Council members encouraged students to participate in committees, sign up for email newsletters and engage in social media to keep in touch with the Provo City Council.
How will housing conditions improve in Provo?
Knecht said housing reports are prepared, reviewed and approved by committees. He suggested students interested in housing zoning join the neighborhood chair’s email list.
Winterton said zoning has been a challenging issue for everyone. He said the implementation of the bus rapid transit will have the biggest impact on future generations.
Harding said the quality of life in Provo is “pretty good,” but the community cannot keep doing the same things if life in Provo is going to continue to improve.
“We need to grow smarter,” Harding said. “To me, (bus rapid transit) is just the first step towards a smarter, more sustainable mode of public transportation.”
Council members asked the attending students what it would take for them to not drive their car in Provo and walk or bike instead.
Students said biking and walking aren’t safe because of poor street lighting and congestion. Students also said riding public transit is too expensive and inconvenient.

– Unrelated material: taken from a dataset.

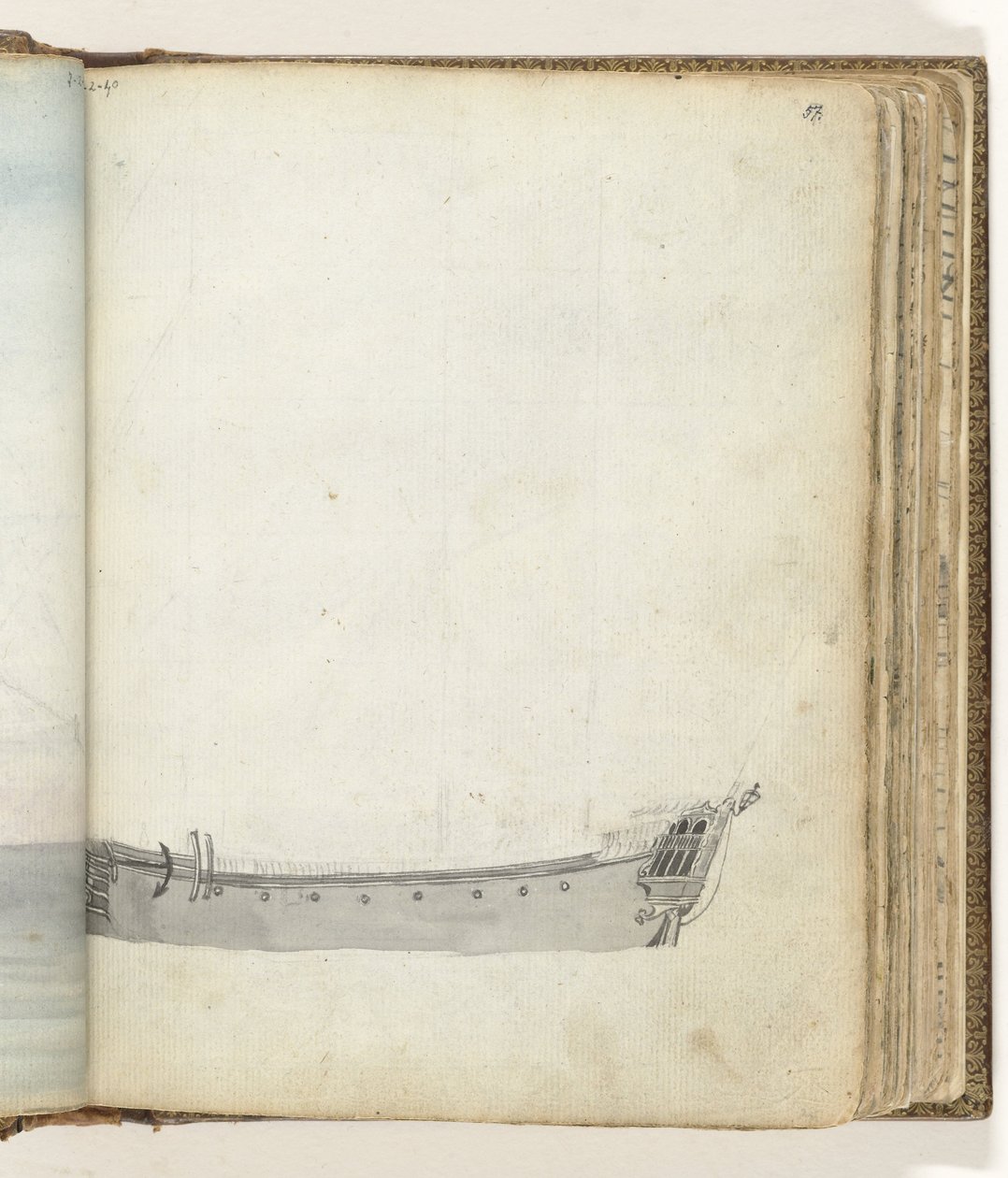Romp van een schip door Jan Brandes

Will the fading red paint on the curbs be repainted?
Provo’s curbs are edged with peeling red paint, and a student expressed uncertainty about locations that are off-limits for parking because of this issue. A council member said the city is phasing out the use of red paint and moving toward using parking signs.
The council member also said Provo is in the process of hiring a parking manager, something the city has not had before.
What are Provo’s plans for recycling?
Van Buren said Provo has a recycling system, although it does not have a complete selection of recycling options. He said recycle pick-ups for several types of waste, such as newspaper and glass, are expensive. Council members said local schools have recycle drop-offs, and residents can find the drop-offs online.
Council members said that a map of the city’s recycling drop off locations would be helpful to residents. They also said the privately-owned apartment complexes, where many students live, use private companies for recycling.
What is the city doing to involve minorities, especially Latinos, in the community?
A student said over 10 percent of Provo is Latino, but there is little representation of the Latino community in the city. The student said he feels he is in a “bubble” as a student and is unaware of the needs of minorities.
Santiago said it’s always a struggle to involve any group of people. Santiago said the Council starts by engaging the people they know, and then those people help the community get involved.
Winterton said Mayor Curtis has made “great strides” in addressing the needs of women in Provo.
“Let us know of the needs that are out there,” Winterton said. “Then we can work on those things. We never want to exclude. We want to include.”
Can Provo make bike commuting easier?
Santiago said a bicycle master plan for the city was passed several years ago. This means anytime a road is built or refurbished, it will be created with biking paths and lanes in mind.
“There is an effort to create a more bike-able community in our city,” Santiago said.
Harding said significant efforts are underway to create “complete streets” in Provo. Complete streets are roads with access for cars, bikers and walkers.
Harding said the challenge of this issue is the ability to create the infrastructure.
“If you don’t have the infrastructure, people won’t leave their cars, and if people won’t leave their cars, it’s hard to justify the infrastructure,” Harding said.
“We are looking to make all parts of the city bike-able and walk-able for all of our residents,” Harding said.